Duterte and Xi Jinping are like street tough guys

Picture Credit: Xi and Duterte video grab

President Rodrigo Duterte’s Foreign Secretary Alan Peter Cayetano said his president and China’s Xi Jinping are street tough guys who respect each other and don’t want to fight, said the Post.

Cayetano said they are two different people, but two people who deeply believe in their countries and deeply believe that they can at this juncture in history choose to be either useless or to be a game changer.

And they are two people who want to find a solution to a common problem and who don’t want to fight each other.

In the streets of Philippines we call the big guy a siga (tough guy). That big guy has some mutual respect for the big guy in the next street and somehow they get along.

The foreign secretary said the relations between Duterte and Xi is based on the independent foreign policy of the Philippines.

“It is only by being independent that you can fight for your nation’s interests.

Then there is something innate to the president, a philosophy formed early on in life. Davao was a chaotic place in the 1960s and 1970s, so when President (Rodrigo) Duterte came … there was violence.

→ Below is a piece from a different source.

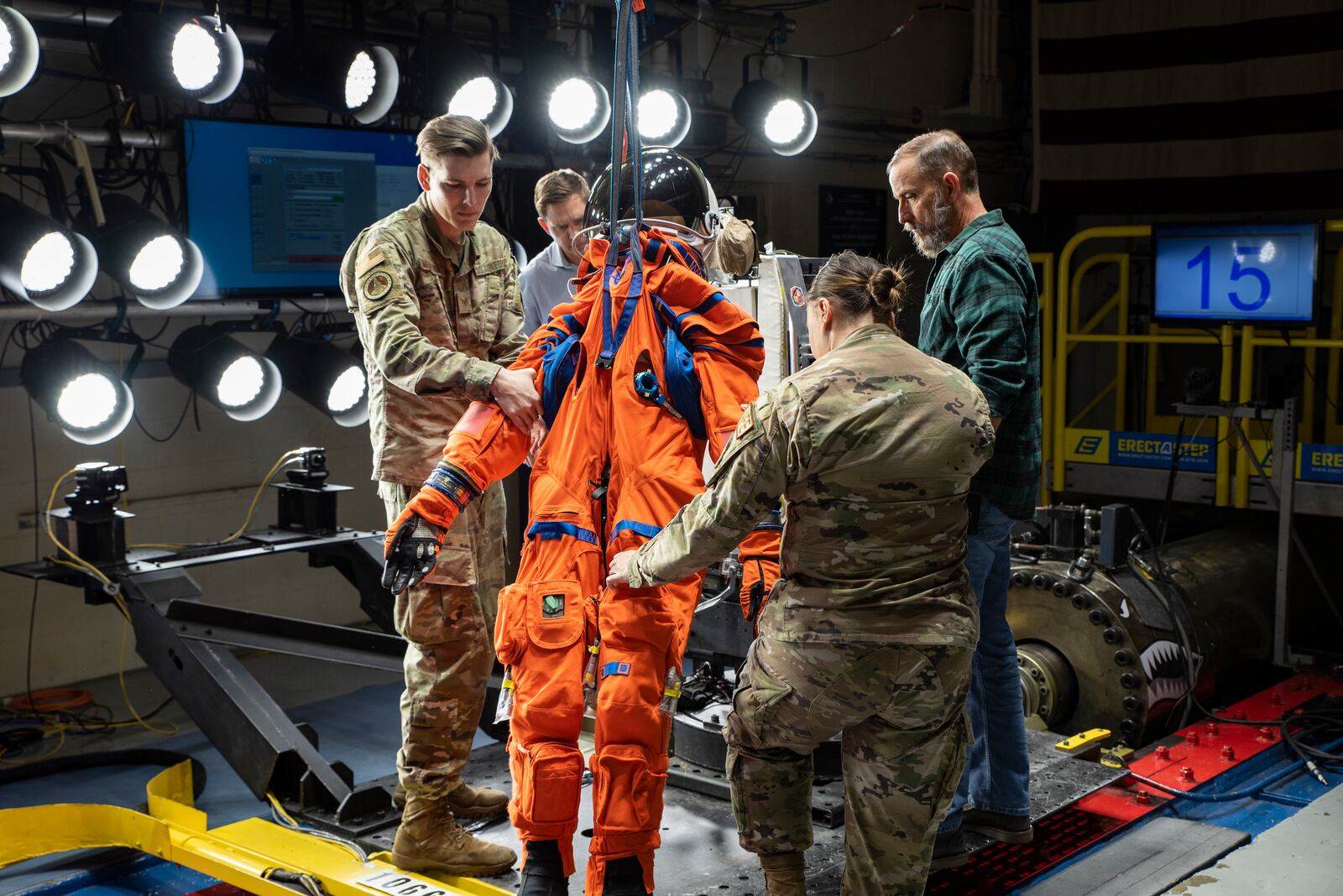 The Air Force Research Laboratory, or AFRL, and NASA staff hoist Campos, a fire and rescue training manikin, into the seat at the sled test facility at Wright-Patterson Air Force Base, April 17, 2023. AFRL and NASA, along with other industry partners, such as Lockheed Martin, tested the most current iteration of an astronaut crew seat and flight suit that will be used on the Orion space capsule during the next mission to the moon under the Artemis Program. The manikin used in the testing was Campos, named after the legendary Arturo Campos, an electrical engineer who was instrumental to saving the Apollo 13 crew. Campos is accurately weighed and has the appropriate density of a human for testing. (U.S. Air Force photo / Rick Eldridge)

“So he said if you want peace in Davao, if you want to progress, you have to have peace and if you want peace, you have to accept people’s ideas. This carried over when he became president,” said Cayetano.

The later said Duterte believed if you want development – progress – you have to have peace.

“But if you are constantly bickering with your neighbours whoever they are, you can’t focus on progress and development. The president is a very well-read person and he saw that the dispute in the South China Sea has multi-claimants.”

Asean and the art of living with China

Cayetano said the Philippines has disputes with Malaysia and Vietnam but will not do anything to destroy the relationships between the two Asean member states.

Manilla’s approach to the South China Sea (SCS) conflict split the Asean movement and has – according to some – weakened the regional association’s unity.

But Cayetano said both the Philippines and China were shouting at each other and were not looking at each other’s claims. The point of talking to China was not to complicate the situation (with China already setting its foot on the claimed territories).